Again JUST my opinion. I'm not picking on bassists, just relating my experiences from the perspective of the audience.


----------



## jimsz

Usually we've found the loudest player is the one who's had the most martinis.


----------



## Mooh

One of the singers who demands so much in the monitors and mains. Otherwise generally bass players, as has been suggested. In a couple of previous bands where I played bass, I used a dedicated monitor to fire my signal back at me because it seemed it was always hotter half way back in the hall than on stage. For years I used Yorkville powered monitors daisy-chained from my backline, then later I used just another bass amp and an ABY box.

Peace, Mooh.


----------



## Peter

jimsz said:


> Usually we've found the loudest player is the one who's had the most martinis.


THIS!!! :smile:


----------



## james on bass

Milkman said:


> I always thought it was drummers or guitarists who are the DB bandits, but having made a transition from player to soundman I'm coming to the conclusion that it's most often....
> 
> BASSISTS
> 
> I suspect the problem is that bass, being omnidirectional sometimes makes it difficult for the payer to hear himself close to the amp. They turn up and slaughter the mix or at least make it necessary to mix everything else to their level.
> 
> When I see guys dragging in Bass amps with multiple cabs and several hundred watts I just cringe.
> 
> Just curious how the players feel.


I think you're right with that perspective. More often than not, our PA is for vocals and kick drum only. I generally have problems hearing myself, but the sound out on the floor is huge. Last week we set up with my bass rig on the opposite side of the stage from me, and the mix was great. 

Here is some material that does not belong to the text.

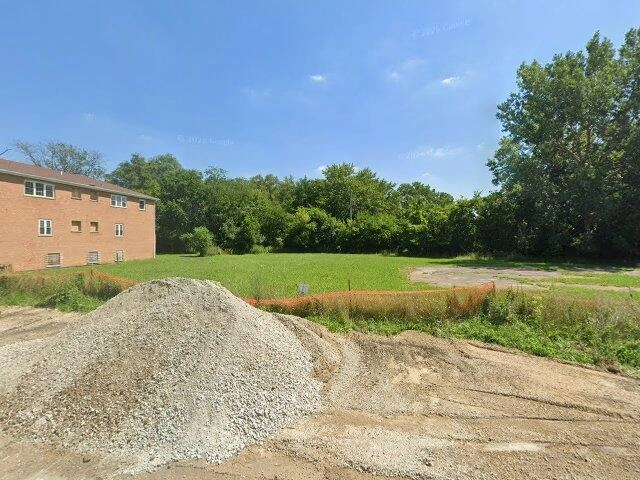 House image located at Robbins, IL 60472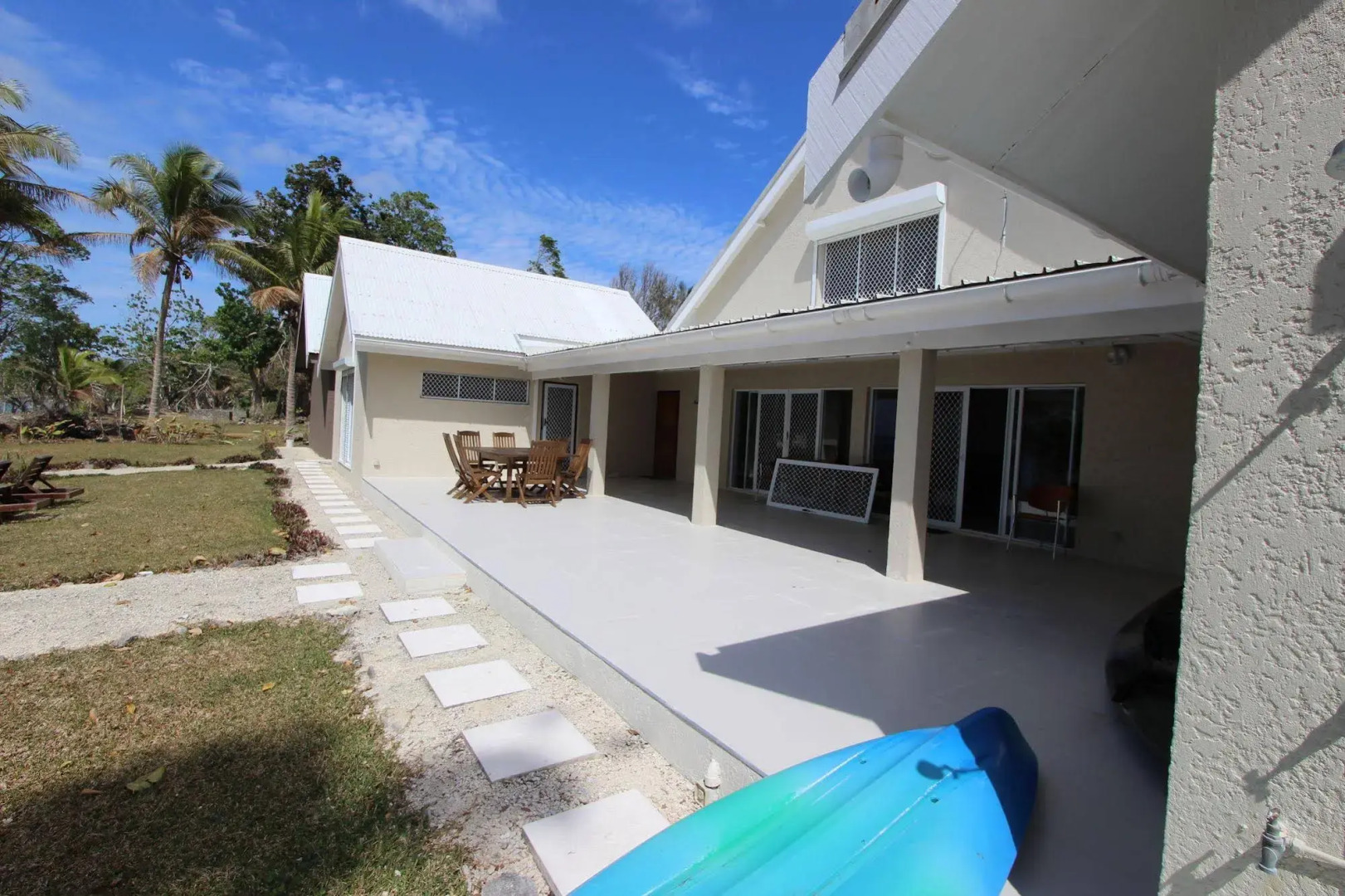 Vila Del Mare Beachfront Resort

I generally bring 1 1x15" cabinet (sometimes the 1x12" on top) and have never had my master volume over 3. More than enough.


My last band though?... definitely, definitely the guitarist!


----------



## Milkman

I thought about having "Singer" as one of the choices in the poll. From out front though, the monitors seldom cause a problem with the FOH mix. I generally still need to put lots of vocals in the mains to get a balanced mix.


It's most often bass. I think putting the bass rig on the opposite side of the stage as sugested by James, is a great idea. Those frequencies do take a little distance to open up. 

Another great idea is side washing the guitar cabs. I know this can sometimes be a contentious issue with guitarists, but I'll wager most sound men love it.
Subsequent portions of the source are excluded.